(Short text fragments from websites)
»»

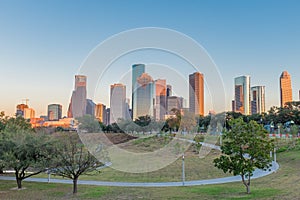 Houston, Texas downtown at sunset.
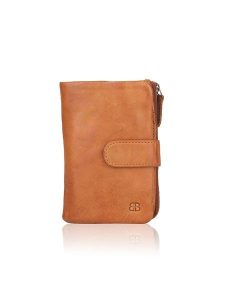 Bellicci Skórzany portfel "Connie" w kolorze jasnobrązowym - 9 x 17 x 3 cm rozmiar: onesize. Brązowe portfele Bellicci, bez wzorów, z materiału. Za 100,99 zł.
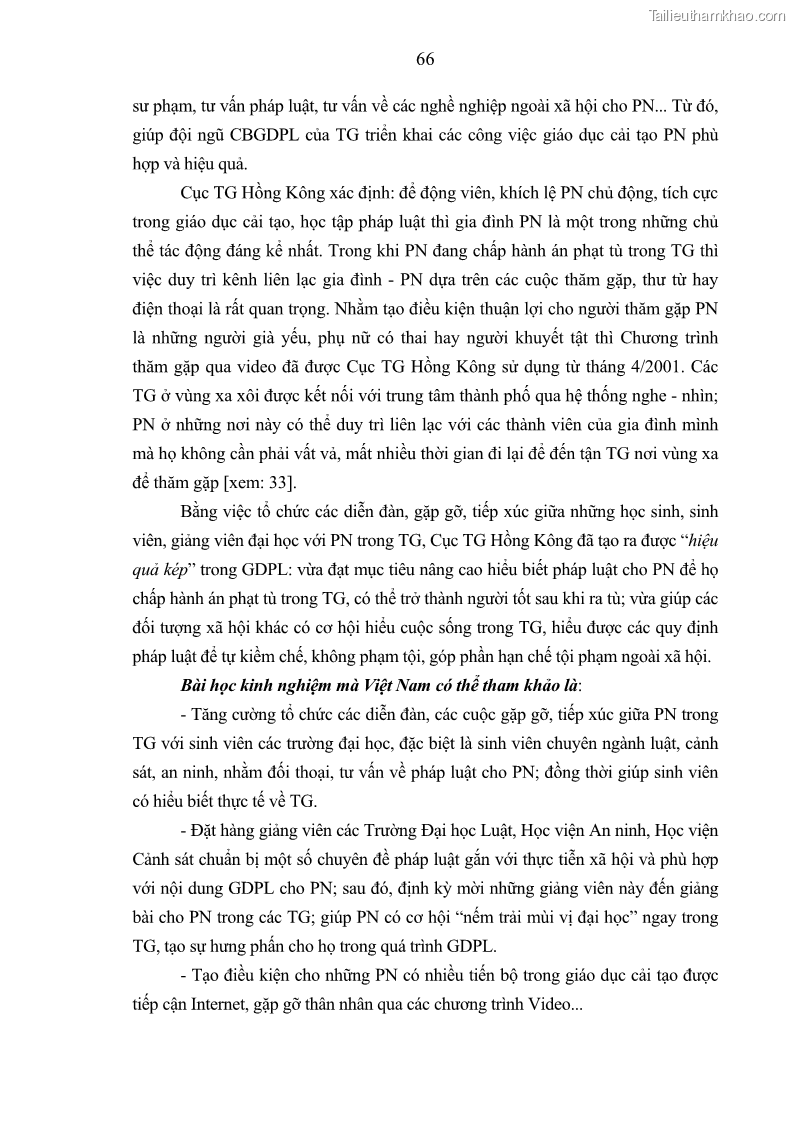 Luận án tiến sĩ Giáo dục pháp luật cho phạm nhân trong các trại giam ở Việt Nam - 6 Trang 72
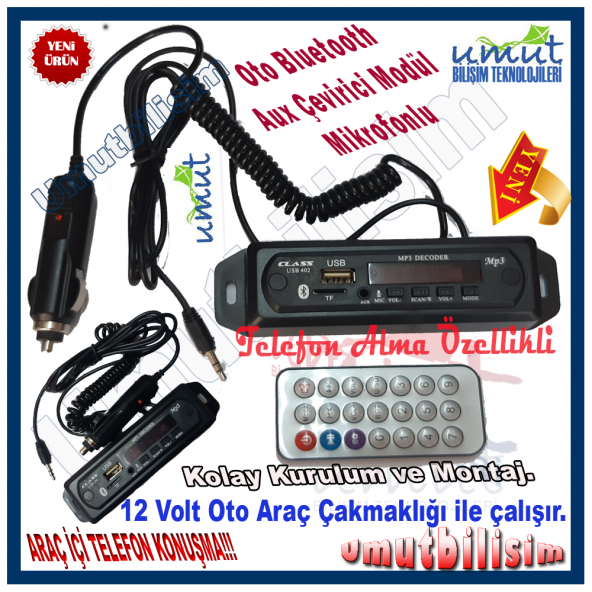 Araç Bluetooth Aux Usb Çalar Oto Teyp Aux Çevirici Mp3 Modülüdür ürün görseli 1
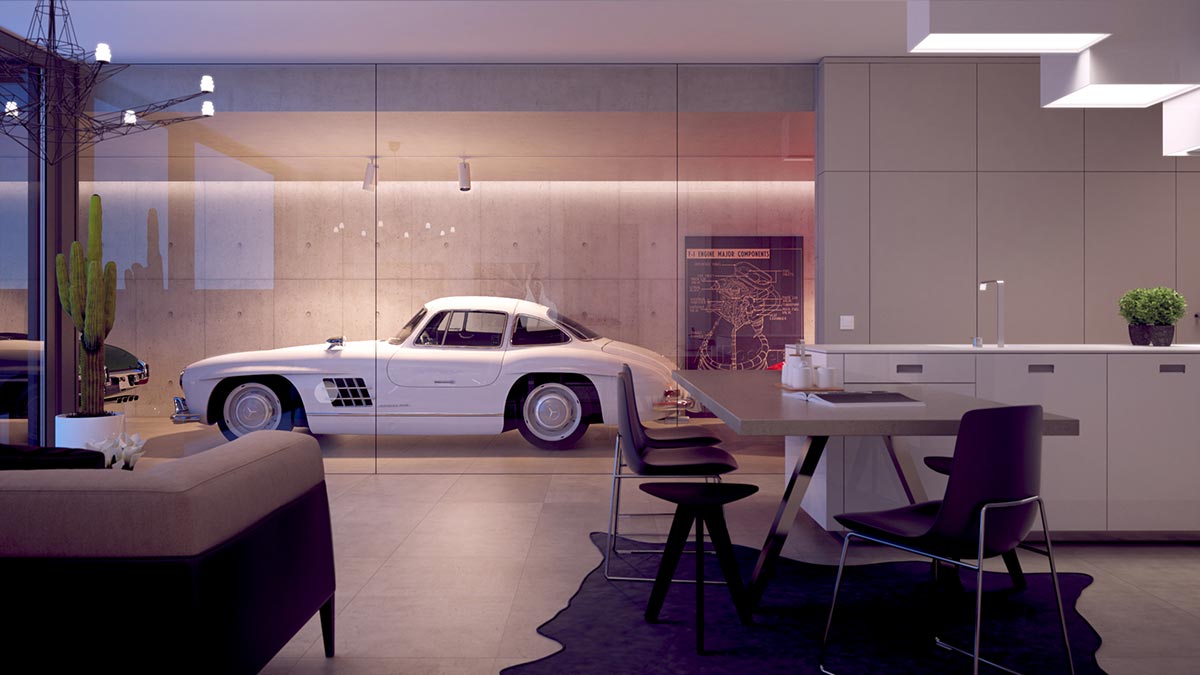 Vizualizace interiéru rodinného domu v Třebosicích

««
»»

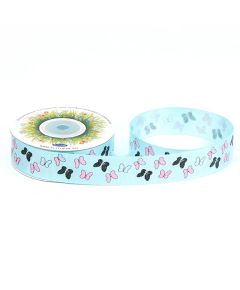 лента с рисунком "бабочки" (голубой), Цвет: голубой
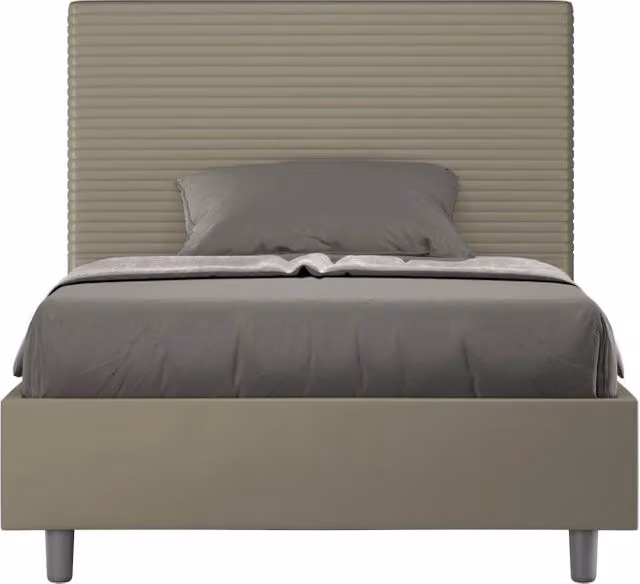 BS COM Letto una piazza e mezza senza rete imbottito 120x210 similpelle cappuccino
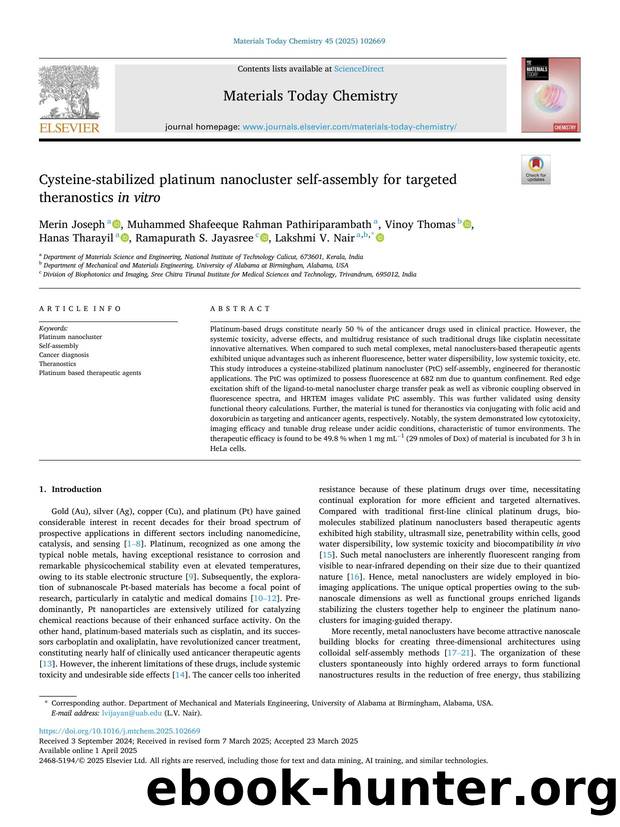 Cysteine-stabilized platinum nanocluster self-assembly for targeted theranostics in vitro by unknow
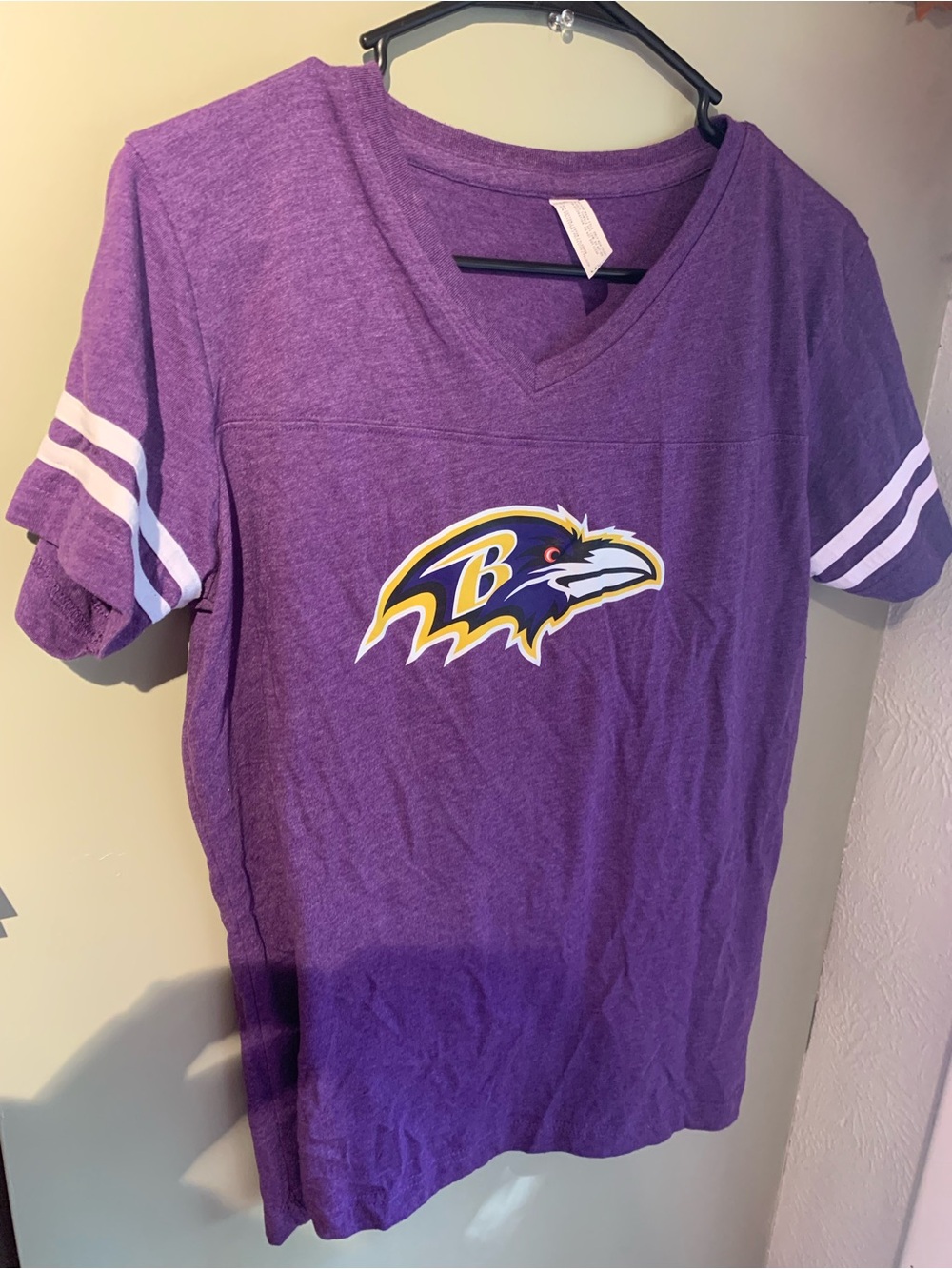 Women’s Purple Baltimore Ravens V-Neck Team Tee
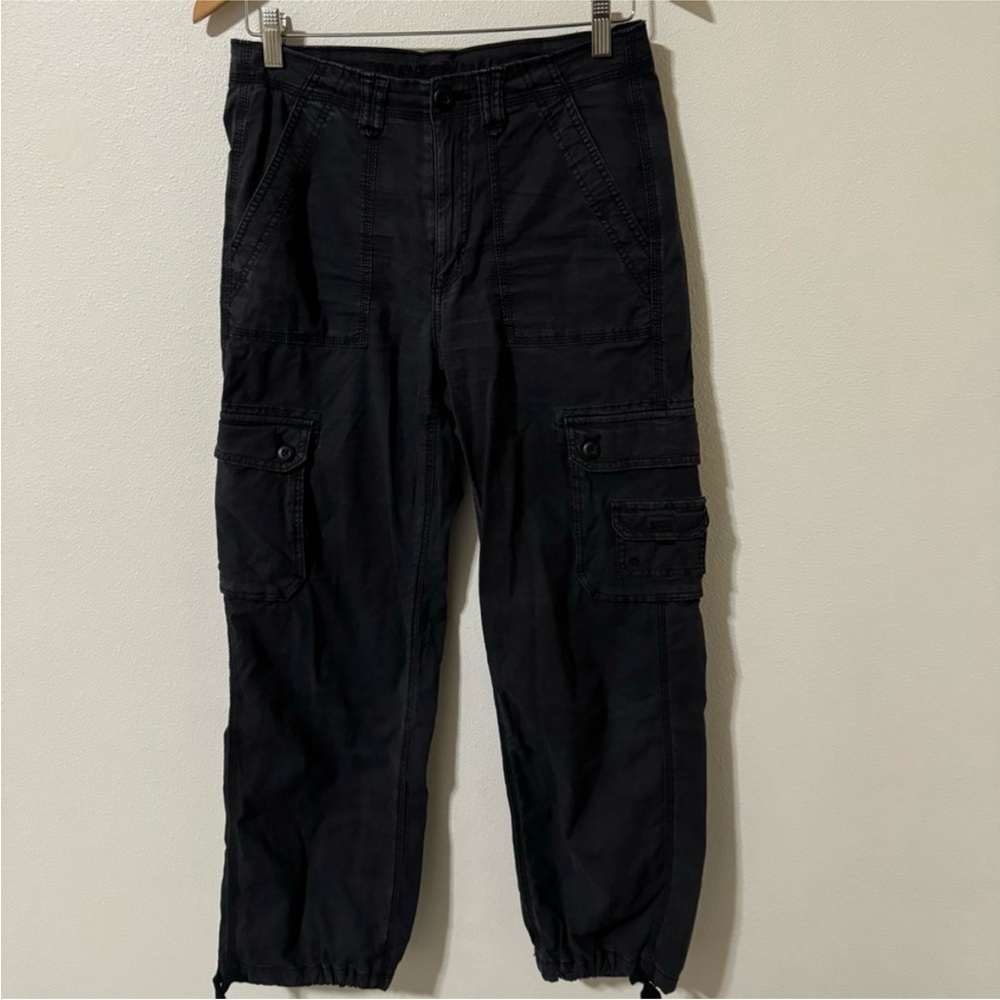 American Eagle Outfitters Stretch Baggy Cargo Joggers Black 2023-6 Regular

««

**HOW TO COMPLETE THIS TASK**
Starting at the line with "лента с рисунком" in the entries above, write out every line exactly until the line with "American Eagle Outfitters" has been written. Include no pictures and nothing more.

**TASK SOLUTION**
 лента с рисунком "бабочки" (голубой), Цвет: голубой
 BS COM Letto una piazza e mezza senza rete imbottito 120x210 similpelle cappuccino
 Cysteine-stabilized platinum nanocluster self-assembly for targeted theranostics in vitro by unknow
 Women’s Purple Baltimore Ravens V-Neck Team Tee
 American Eagle Outfitters Stretch Baggy Cargo Joggers Black 2023-6 Regular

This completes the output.